Relatively little has been published about the particulars of fraudulent data, so that most statisticians have little or no experience in this field. From what is known we can divide the problems into two major groups:
• data manipulation to achieve a desired result or increase the statistical significance of the findings and affect the overall scientific conclusions;
• invention of data for non-existent or incomplete cases in clinical studies.
The motives in the first instance are to achieve publication, or to produce results confirming a particular theory, rather than financial considerations. The motives in the second are usually for financial gain. Most of the well known cases of fraud in the UK fall into this category. There are possibly some instances where academics have produced fictitious data to publish a paper or form material for a thesis, but this has been difficult to prove. A particular form of data manipulation is to include those who are ineligible according to the protocol for the study. Similarly it is possible that eligible subjects are excluded. These could be regarded as a separate category. These actions tend to have little effect on the internal validity, but could have an important effect on external validity (generalisability) of the study.

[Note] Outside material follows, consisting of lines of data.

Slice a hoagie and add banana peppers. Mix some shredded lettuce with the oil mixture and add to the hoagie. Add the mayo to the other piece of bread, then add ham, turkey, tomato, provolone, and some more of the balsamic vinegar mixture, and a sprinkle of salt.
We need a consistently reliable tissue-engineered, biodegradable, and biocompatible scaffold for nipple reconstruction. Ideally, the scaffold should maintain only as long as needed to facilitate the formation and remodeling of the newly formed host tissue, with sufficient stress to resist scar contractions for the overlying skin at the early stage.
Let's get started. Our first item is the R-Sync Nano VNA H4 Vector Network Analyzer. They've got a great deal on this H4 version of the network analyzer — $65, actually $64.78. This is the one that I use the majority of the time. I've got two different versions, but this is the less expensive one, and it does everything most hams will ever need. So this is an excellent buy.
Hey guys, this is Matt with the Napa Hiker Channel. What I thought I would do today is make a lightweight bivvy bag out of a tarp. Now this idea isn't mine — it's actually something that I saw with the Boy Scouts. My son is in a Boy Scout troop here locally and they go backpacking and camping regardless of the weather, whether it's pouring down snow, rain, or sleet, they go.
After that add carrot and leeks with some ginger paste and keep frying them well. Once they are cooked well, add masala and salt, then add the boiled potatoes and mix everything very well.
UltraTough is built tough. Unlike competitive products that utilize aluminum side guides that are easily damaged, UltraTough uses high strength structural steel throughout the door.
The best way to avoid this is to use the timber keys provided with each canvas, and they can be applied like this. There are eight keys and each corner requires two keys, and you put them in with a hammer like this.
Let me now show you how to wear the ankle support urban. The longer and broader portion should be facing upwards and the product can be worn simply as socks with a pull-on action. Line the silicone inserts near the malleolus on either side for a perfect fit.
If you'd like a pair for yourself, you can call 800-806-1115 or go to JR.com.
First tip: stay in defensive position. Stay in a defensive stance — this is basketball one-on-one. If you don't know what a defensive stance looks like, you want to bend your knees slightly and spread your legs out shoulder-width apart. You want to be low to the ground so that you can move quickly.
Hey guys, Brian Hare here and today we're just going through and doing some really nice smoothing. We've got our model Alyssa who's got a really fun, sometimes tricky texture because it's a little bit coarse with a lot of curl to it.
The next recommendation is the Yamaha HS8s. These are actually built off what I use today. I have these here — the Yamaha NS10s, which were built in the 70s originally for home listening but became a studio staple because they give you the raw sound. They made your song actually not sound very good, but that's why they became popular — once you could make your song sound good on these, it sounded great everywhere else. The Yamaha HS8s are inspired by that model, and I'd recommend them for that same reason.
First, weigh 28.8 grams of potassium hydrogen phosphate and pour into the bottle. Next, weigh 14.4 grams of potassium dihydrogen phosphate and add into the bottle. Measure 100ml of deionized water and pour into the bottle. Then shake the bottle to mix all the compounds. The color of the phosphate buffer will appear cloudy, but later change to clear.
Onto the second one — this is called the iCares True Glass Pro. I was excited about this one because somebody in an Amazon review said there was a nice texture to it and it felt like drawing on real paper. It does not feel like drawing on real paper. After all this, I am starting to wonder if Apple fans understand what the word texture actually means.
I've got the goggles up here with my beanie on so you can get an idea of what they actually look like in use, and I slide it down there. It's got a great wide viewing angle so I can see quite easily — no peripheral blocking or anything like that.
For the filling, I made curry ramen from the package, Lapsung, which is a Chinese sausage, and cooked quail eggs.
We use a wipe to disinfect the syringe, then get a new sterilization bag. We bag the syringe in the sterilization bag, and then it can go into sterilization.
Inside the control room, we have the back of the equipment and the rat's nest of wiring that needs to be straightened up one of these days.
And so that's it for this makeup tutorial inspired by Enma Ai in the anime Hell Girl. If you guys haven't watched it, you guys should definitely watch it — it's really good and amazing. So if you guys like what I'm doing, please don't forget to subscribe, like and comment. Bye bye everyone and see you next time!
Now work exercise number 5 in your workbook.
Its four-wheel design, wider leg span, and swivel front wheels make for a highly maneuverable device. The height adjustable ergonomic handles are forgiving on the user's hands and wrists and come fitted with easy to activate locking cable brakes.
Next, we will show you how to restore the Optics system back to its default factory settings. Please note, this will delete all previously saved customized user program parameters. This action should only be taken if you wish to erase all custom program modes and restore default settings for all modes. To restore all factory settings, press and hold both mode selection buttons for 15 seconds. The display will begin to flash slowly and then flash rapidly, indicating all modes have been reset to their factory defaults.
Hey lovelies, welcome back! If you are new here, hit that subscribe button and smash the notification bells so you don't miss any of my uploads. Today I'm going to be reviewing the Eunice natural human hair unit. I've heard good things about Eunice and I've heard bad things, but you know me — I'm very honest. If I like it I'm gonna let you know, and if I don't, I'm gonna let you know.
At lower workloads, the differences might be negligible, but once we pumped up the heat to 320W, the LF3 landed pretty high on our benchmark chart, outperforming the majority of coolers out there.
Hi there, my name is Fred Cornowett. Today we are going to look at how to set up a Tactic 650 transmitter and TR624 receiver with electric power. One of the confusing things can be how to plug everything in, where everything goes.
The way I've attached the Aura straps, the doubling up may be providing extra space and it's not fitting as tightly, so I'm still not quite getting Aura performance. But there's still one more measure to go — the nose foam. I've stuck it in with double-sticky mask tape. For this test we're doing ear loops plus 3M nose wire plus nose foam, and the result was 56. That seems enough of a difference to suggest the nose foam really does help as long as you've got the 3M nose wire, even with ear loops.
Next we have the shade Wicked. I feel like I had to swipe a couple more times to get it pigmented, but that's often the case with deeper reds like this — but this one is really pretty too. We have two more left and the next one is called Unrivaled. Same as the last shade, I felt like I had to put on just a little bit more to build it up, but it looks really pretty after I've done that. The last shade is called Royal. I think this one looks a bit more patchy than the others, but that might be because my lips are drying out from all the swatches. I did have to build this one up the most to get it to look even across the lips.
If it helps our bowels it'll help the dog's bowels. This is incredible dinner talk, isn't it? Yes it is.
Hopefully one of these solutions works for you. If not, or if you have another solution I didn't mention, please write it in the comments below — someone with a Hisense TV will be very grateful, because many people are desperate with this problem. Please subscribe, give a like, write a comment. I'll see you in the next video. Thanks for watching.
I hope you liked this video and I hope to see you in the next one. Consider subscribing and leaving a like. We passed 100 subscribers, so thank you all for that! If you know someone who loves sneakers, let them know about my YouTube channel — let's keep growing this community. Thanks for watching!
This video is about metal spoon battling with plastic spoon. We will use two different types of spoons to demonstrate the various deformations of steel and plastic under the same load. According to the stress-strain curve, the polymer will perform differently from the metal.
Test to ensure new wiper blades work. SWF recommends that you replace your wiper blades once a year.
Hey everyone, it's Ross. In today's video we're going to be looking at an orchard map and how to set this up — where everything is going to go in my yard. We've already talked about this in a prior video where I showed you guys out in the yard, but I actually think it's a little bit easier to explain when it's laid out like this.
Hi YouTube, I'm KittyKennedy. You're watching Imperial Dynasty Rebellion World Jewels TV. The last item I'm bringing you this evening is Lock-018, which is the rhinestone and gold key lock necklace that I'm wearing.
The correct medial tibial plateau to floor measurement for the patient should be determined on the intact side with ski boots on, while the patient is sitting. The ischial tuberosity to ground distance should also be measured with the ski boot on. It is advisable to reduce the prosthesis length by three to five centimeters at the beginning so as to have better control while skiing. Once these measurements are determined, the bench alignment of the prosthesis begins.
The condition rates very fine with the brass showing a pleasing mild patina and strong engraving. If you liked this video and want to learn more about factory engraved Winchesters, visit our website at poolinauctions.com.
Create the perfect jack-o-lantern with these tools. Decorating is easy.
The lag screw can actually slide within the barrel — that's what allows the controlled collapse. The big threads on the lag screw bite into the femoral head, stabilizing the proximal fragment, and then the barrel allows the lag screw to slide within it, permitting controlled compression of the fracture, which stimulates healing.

Publication bias is a well known feature of the scientific literature, in which results that are highly statistically significant are more likely to be published than those showing smaller effects. Hence, some fraud is directed at obtaining statistical significance of the results. Several publicised cases of this type have occurred in the USA but they are also known in Europe.This type of fraud tends to occur in academically related research, where career advancement is the ultimate motive. More details of known instances of fraud are given by Lock in Chapter 4 of this volume.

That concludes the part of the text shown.